Granted, allowing corporate America to rob the underground of its passions puts music fans in a continually defensive posture. Nevertheless, the heat and spark that make new sounds exhilarating are dampened once the mainstream gets a hold of them, and drum 'n' bass' power has been diluted, probably irrevocably. It's not that the music didn't have the same subversive energy as, say, bebop, it's just that bop thrived as long as it did because industry hadn't yet discovered the cash value of hip.

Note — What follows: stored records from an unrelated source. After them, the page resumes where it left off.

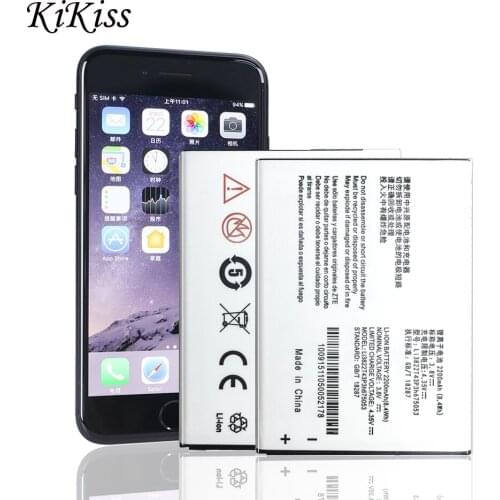 Li3822t43p3h675053 Battery For ZTE Blade QLux Q Lux A430 3g 4g Beeline Pro Mobile Phone Rechargeable Batteries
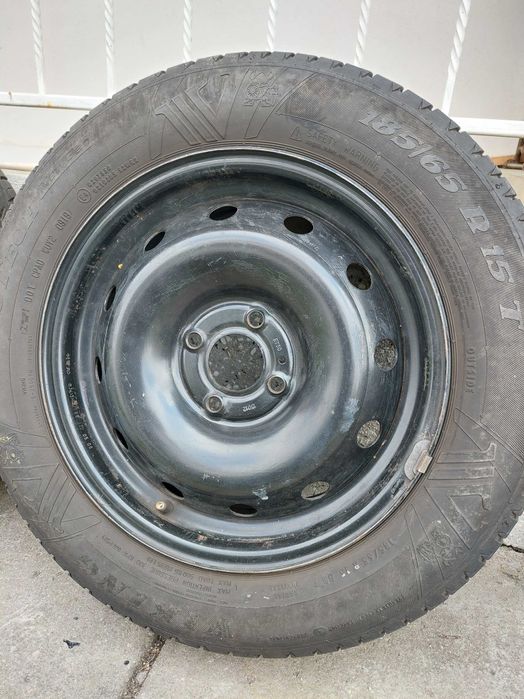 Roti cu anvelope de vara Logan I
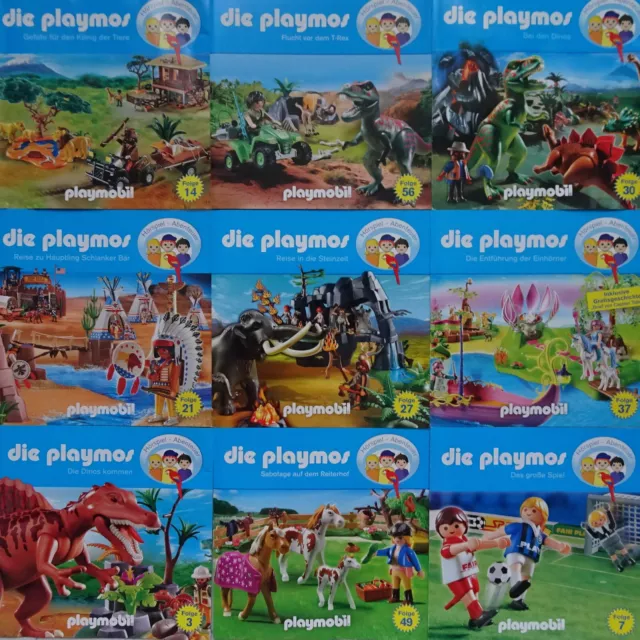 Die Playmos Playmobil Abenteuer Hörspiel CD Folge frei wählbar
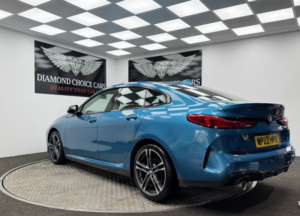 2022 BMW 2 Series Gran Coupe 1.5 218i M Sport Gran Coupe in Blue — image 4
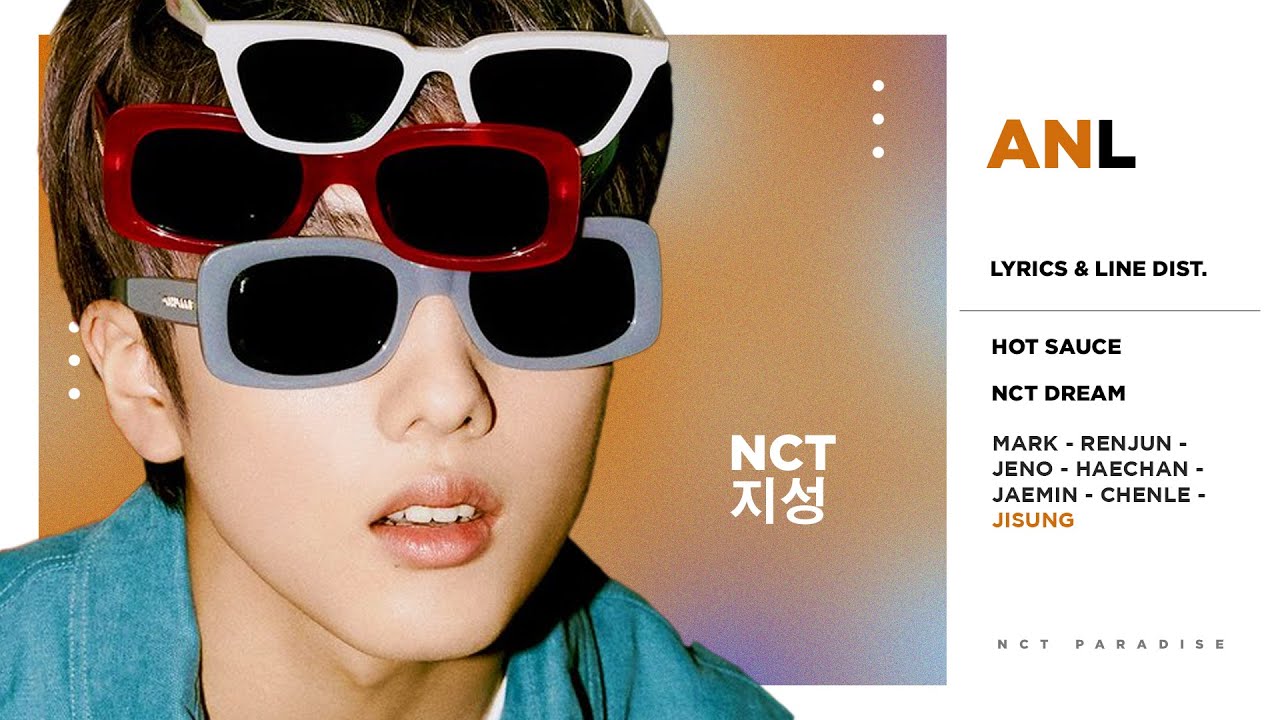 NCT Dream - ANL (Color Coded Lyrics & Line Distribution) 「 KO-FI REQUEST 」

Goldie seems to know this. On his last album, Saturnzreturn (also a double-disc set) he tried to push the genre forward with "Mother," an epic one-hour symphony of Oedipal pain. But "Mother," although it boasted some truly stirring, powerful moments, was unquestionably pretentious, and it was largely unplayed by fans and derided by critics.
So Goldie is giving drum 'n' bass one last hurrah and then moving on. He's already starred as the villain in the latest James Bond movie, as well as in the still-unreleased Everybody Loves the Sunshine with David Bowie. Additionally, he's collaborating on a movie script with writer Josh Evans.
He knows that hipness is a perishable commodity. Rather than an attempt to keep a flagging scene alive, INCredible sounds like Goldie is taking his cue from big business and cashing in one last time on his brand name before leveraging his street cred into new industries.